JUGEMENT : Rendu par mise à disposition au greffe,
Contradictoire et en premier ressort.
EXPOSE DU LITIGE
Le 4 juillet 2008, la commune de, [Localité 3] a conclu avec la société Les Fils de Madame, [J] un contrat d’affermage des droits de place et d’exploitation des marchés communaux d’approvisionnement pour une durée de 18 ans.
Le 17 juillet 2023, le Comptable en charge du recouvrement du Centre des Finances publiques de la Trésorerie de, [Localité 3] a notifié au concessionnaire deux avis des sommes à payer pour exécuter deux titres de recettes n° 5130 et 5131 d’un montant de 18.444,92 € pour chacun d’eux émis par la commune à son encontre.
C’est dans ces conditions que la SAS, [1] DE MADAME, [B] a fait assigner la commune de GRIGNY devant le Tribunal Judiciaire d’EVRY aux fins de voir le tribunal annuler les deux titres de recette susvisés.

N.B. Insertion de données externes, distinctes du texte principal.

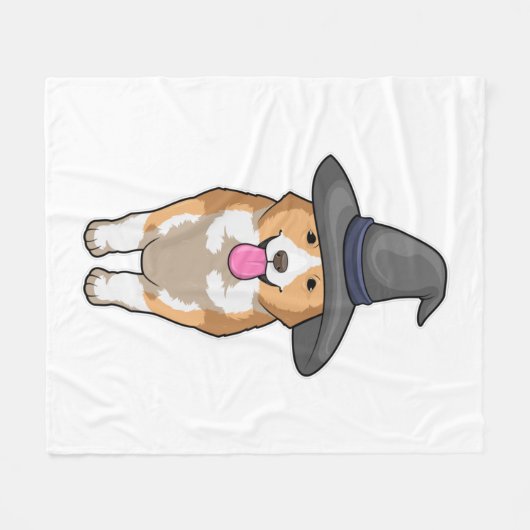 Corgi Witch Fleece Deken (Voorkant (Horizontaal))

Par conclusions du 4 octobre 2024, la SAS, [2] MADAME, [B] demande au tribunal de :
— ANNULER le titre de recettes n° 5130 de la commune de, [Localité 3] d’un montant de 18.444,92 € ;
— ANNULER le titre de recettes n° 5131 de la commune de, [Localité 3] d’un montant de 18.444,92 € ;
— DEBOUTER la commune de l’ensemble de ses demandes ;
— CONDAMNER la commune au paiement de la somme de 3.000 € sur le fondement des dispositions de l’article 700 du code de procédure civile ;
— CONDAMNER la commune au paiement des entiers dépens et ordonner la distraction au profit de la SELARLU Cyril Laroche Avocat, conformément aux dispositions de l’article 699 du code de procédure civile.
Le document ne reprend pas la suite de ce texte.